↓

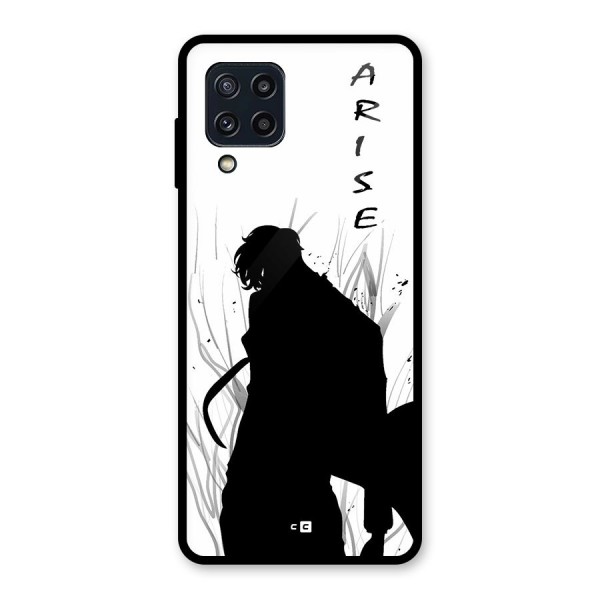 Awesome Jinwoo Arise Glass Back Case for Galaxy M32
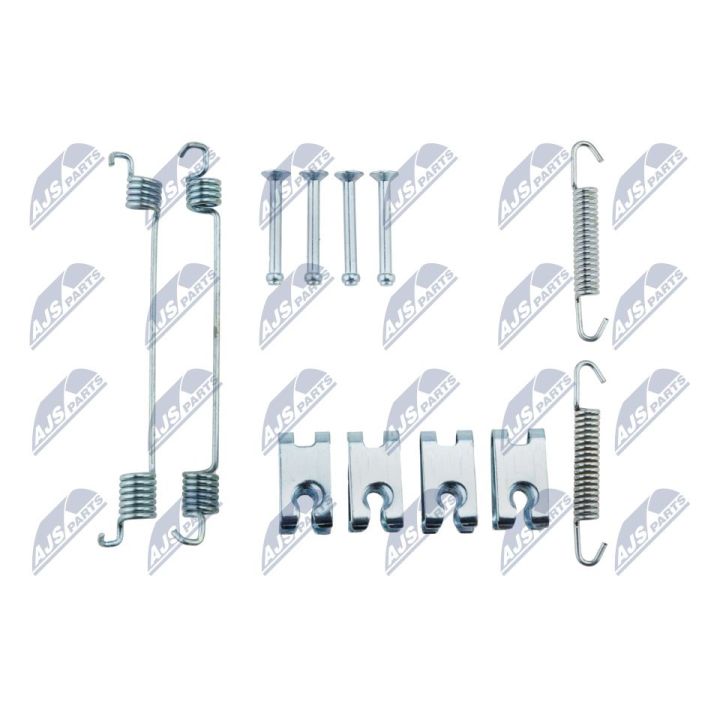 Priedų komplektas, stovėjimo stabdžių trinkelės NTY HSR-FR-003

↑
↓

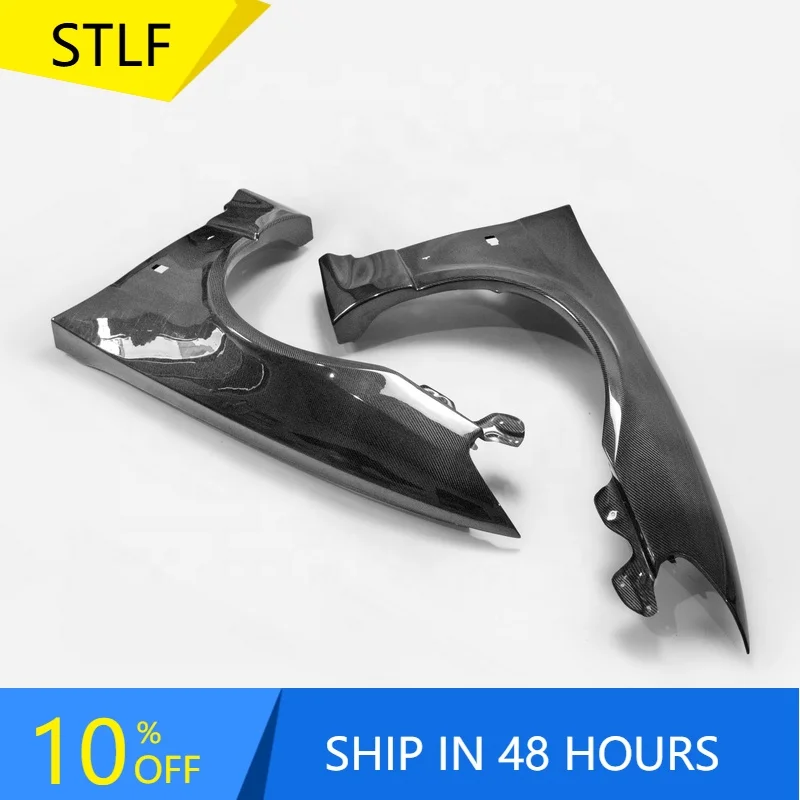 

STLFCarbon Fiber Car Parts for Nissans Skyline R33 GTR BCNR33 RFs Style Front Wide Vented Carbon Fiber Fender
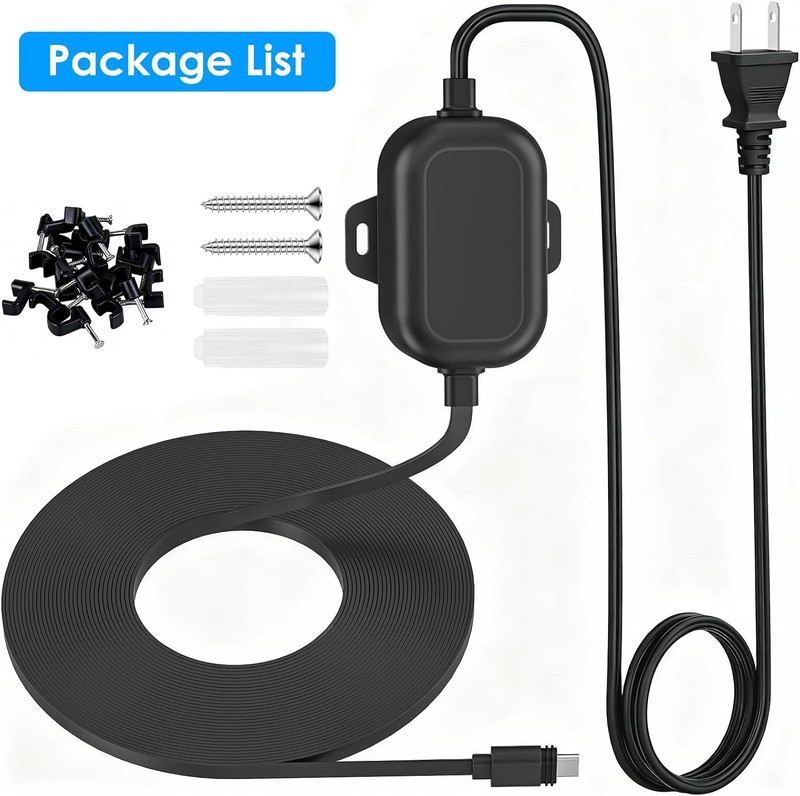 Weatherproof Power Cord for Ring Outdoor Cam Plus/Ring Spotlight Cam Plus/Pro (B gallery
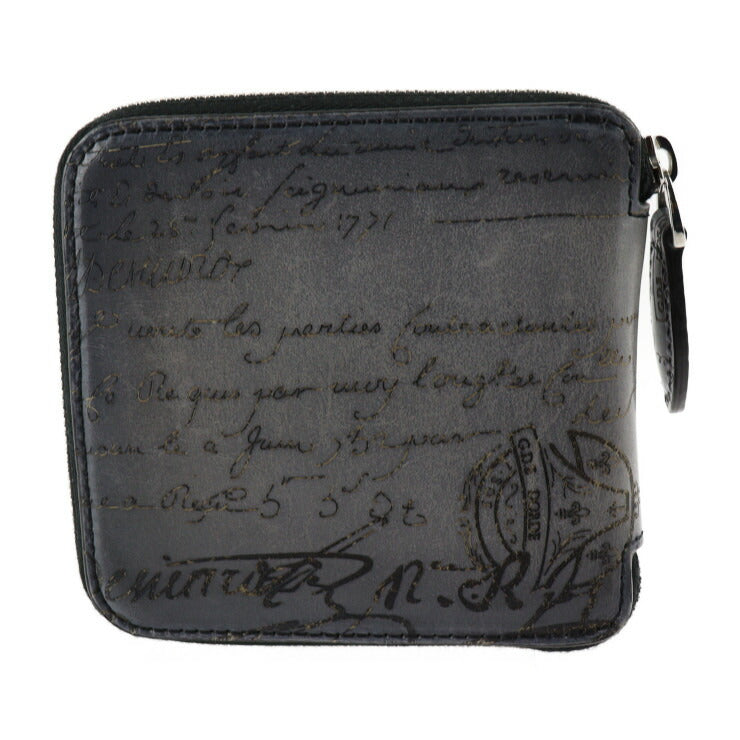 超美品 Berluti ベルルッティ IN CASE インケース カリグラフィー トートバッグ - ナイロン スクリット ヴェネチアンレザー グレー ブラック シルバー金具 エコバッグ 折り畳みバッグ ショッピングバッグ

↑
↓

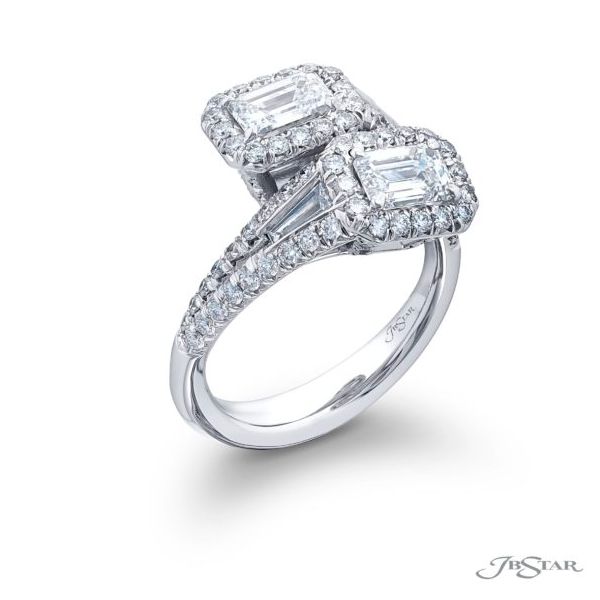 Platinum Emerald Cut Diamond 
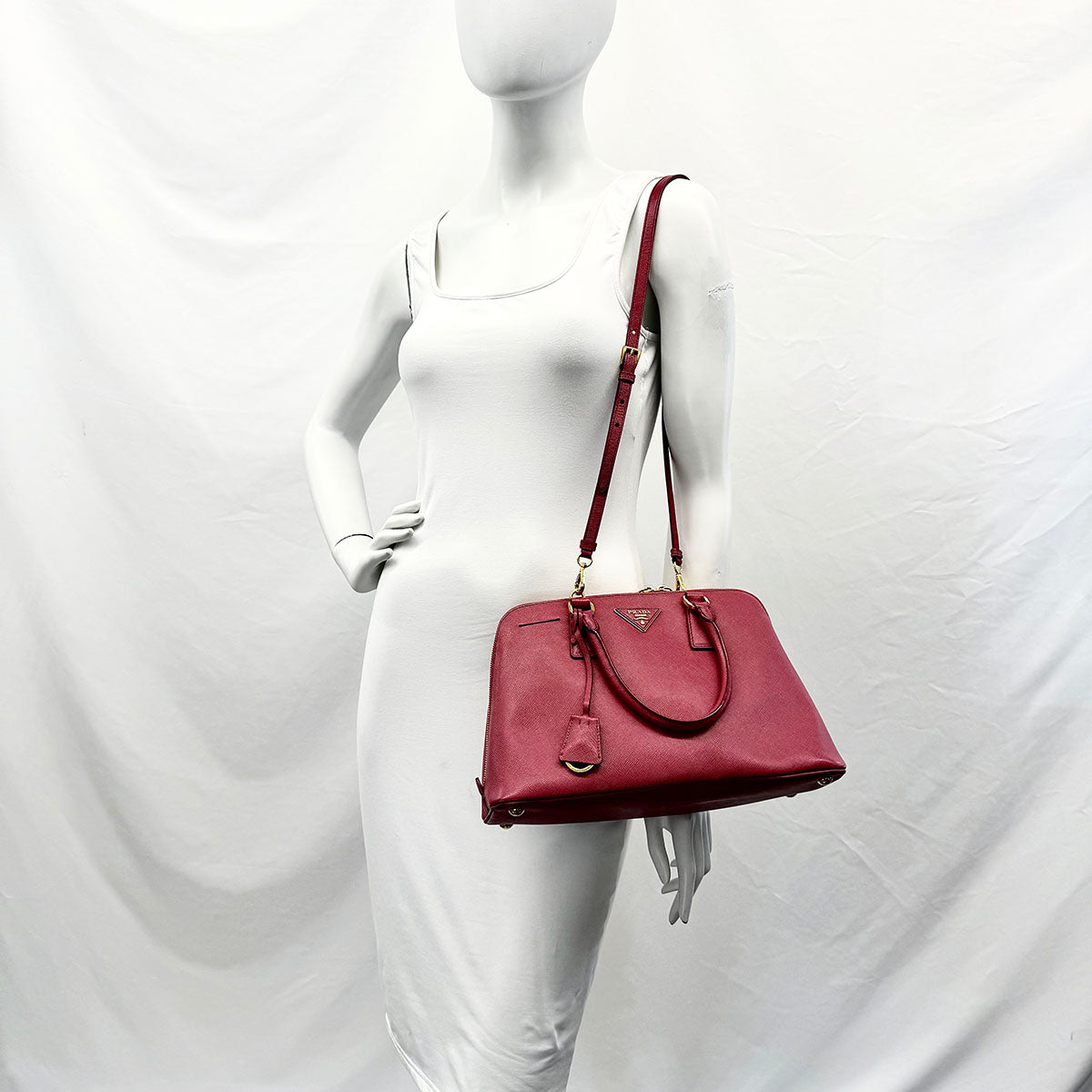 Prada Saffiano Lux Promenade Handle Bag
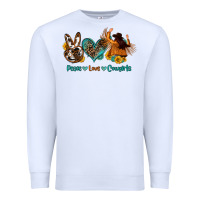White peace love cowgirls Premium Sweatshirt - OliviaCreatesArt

↑

• ACTIVITY: Out of the records above, set down only the lines from the one that contains "STLFCarbon Fiber Car" through the one that contains "超美品 Berluti ベルルッティ", unchanged and without the pictures.

• YOUR RESPONSE:
STLFCarbon Fiber Car Parts for Nissans Skyline R33 GTR BCNR33 RFs Style Front Wide Vented Carbon Fiber Fender
 Weatherproof Power Cord for Ring Outdoor Cam Plus/Ring Spotlight Cam Plus/Pro (B gallery
 超美品 Berluti ベルルッティ IN CASE インケース カリグラフィー トートバッグ - ナイロン スクリット ヴェネチアンレザー グレー ブラック シルバー金具 エコバッグ 折り畳みバッグ ショッピングバッグ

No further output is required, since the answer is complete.